**THE RECORDS:**
=== Begin Enclosure ===

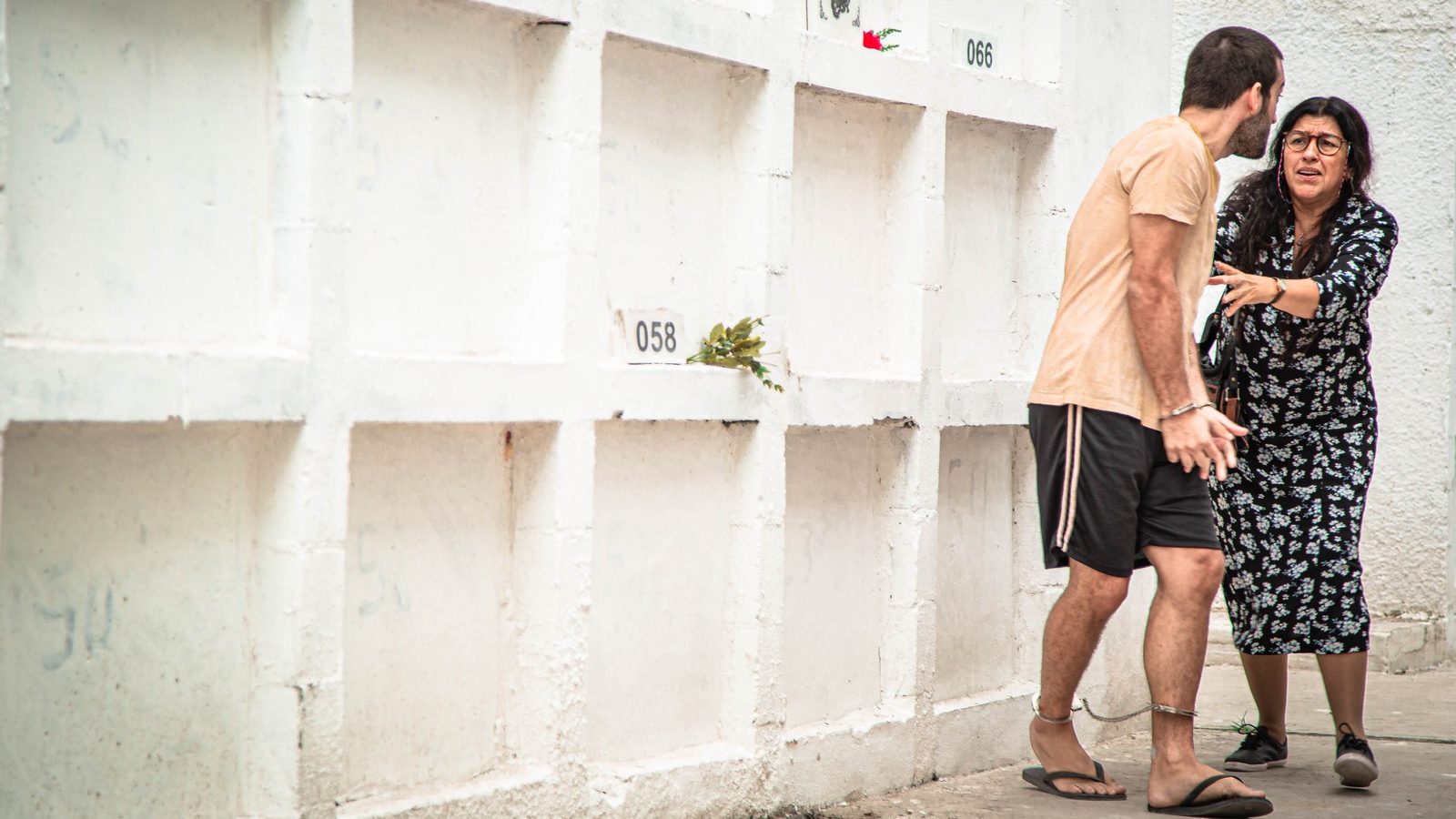 Sandro (Humberto Carrão) e Lurdes (Regina Casé) em Amor de Mãe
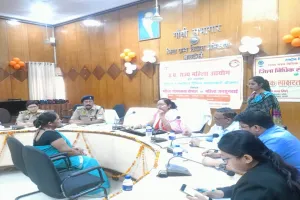 बाराबंकी: अंजू प्रजापति ने जनसुनवाई में सुनीं 25 शिकायतें, कहा- महिला उत्पीड़न पर हो त्वरित कार्रवाई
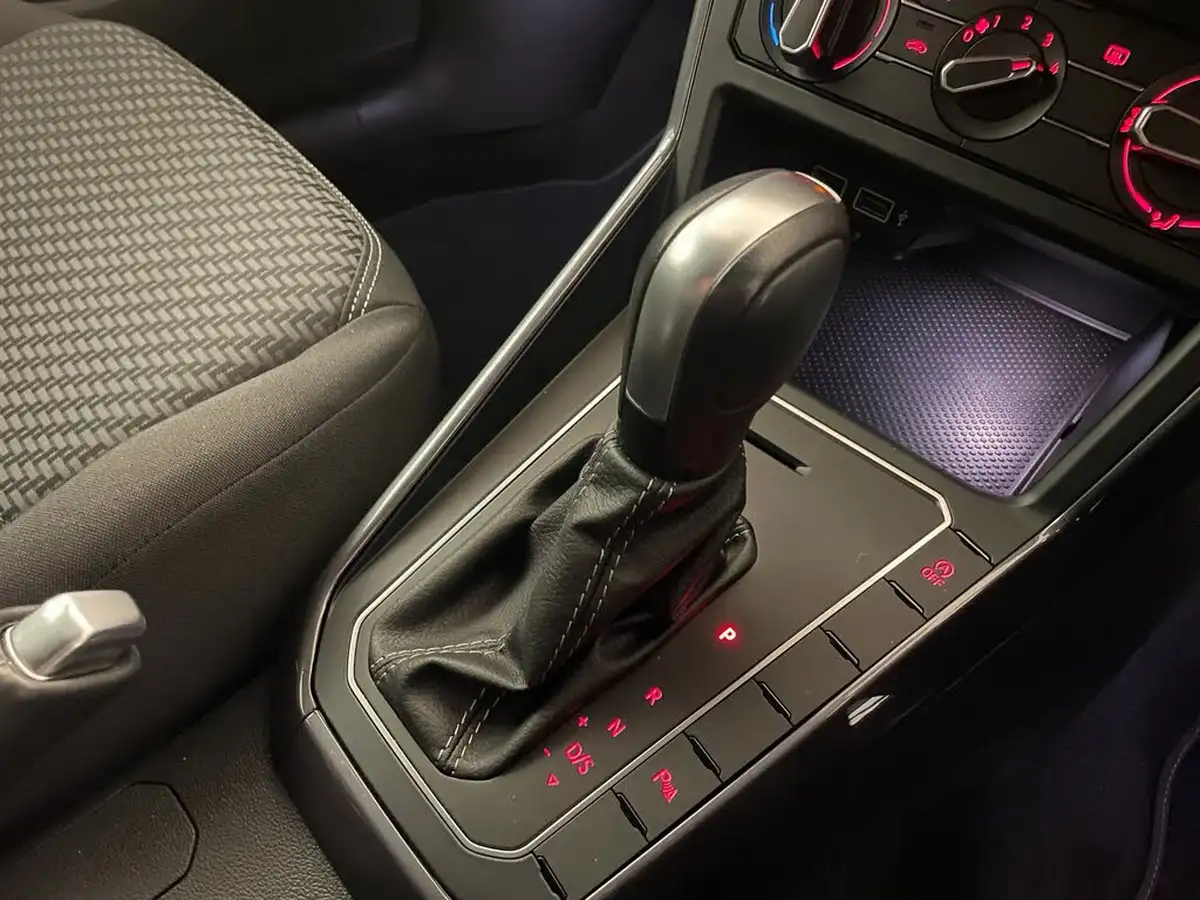 2020-volkswagen-polo-10-tsi-r-line-115ps-dsg-big-28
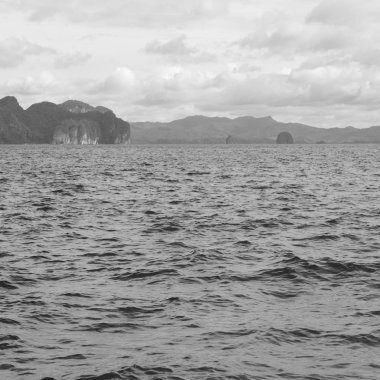  Tekne ve Pasifik Okyanusu görünümünden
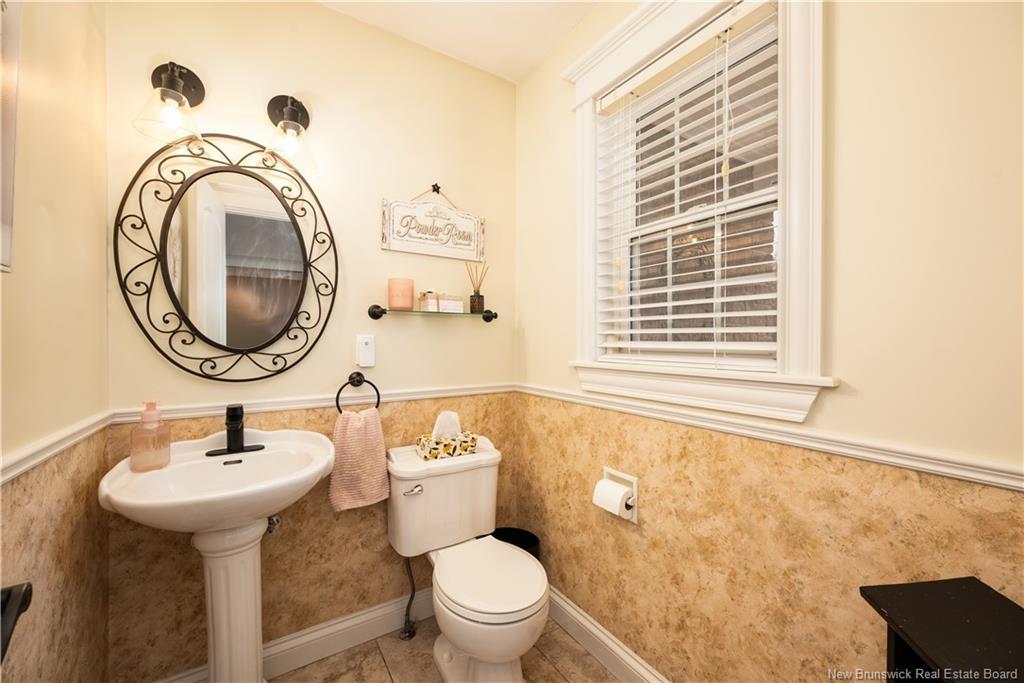12 Highgate Crt, Riverview, NB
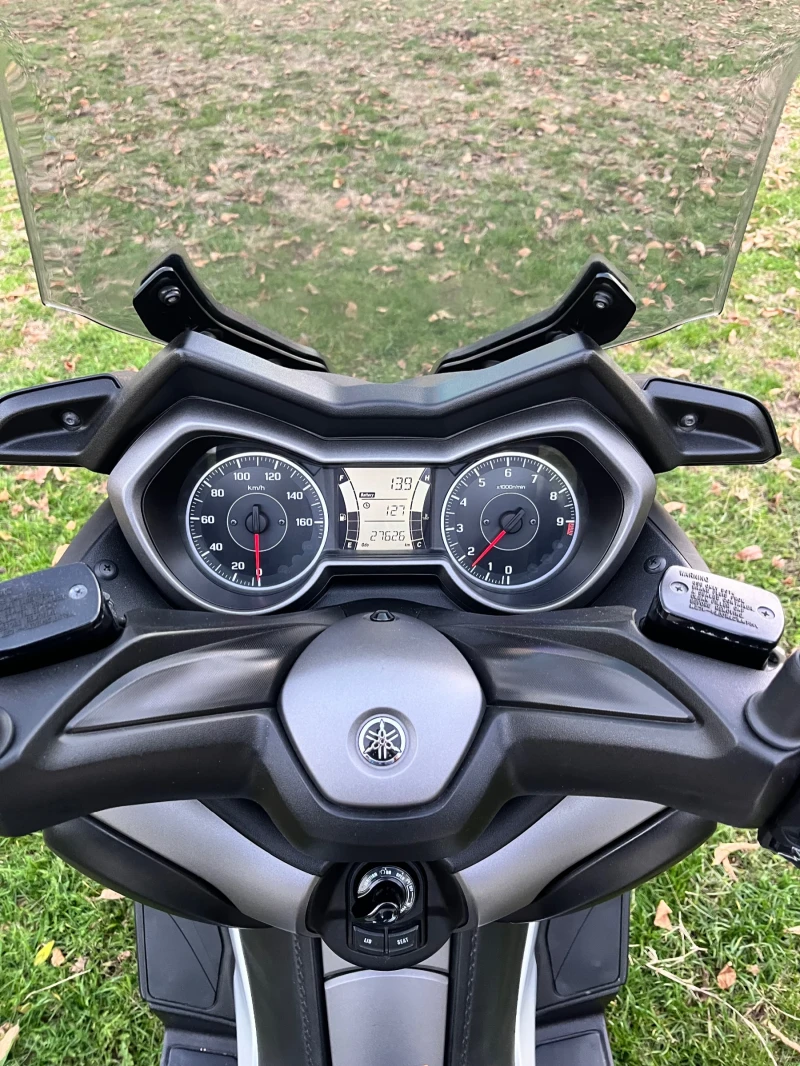 Yamaha X-max ABS TCS ABS LED, снимка 8 - Мотоциклети и мототехника - 52404228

=== End Enclosure ===

**ACTION ITEM:** Every line of the listing above is to be set down verbatim, without the pictures.

**EXERCISE SOLUTION:**
 Sandro (Humberto Carrão) e Lurdes (Regina Casé) em Amor de Mãe
 बाराबंकी: अंजू प्रजापति ने जनसुनवाई में सुनीं 25 शिकायतें, कहा- महिला उत्पीड़न पर हो त्वरित कार्रवाई
 2020-volkswagen-polo-10-tsi-r-line-115ps-dsg-big-28
  Tekne ve Pasifik Okyanusu görünümünden
12 Highgate Crt, Riverview, NB
 Yamaha X-max ABS TCS ABS LED, снимка 8 - Мотоциклети и мототехника - 52404228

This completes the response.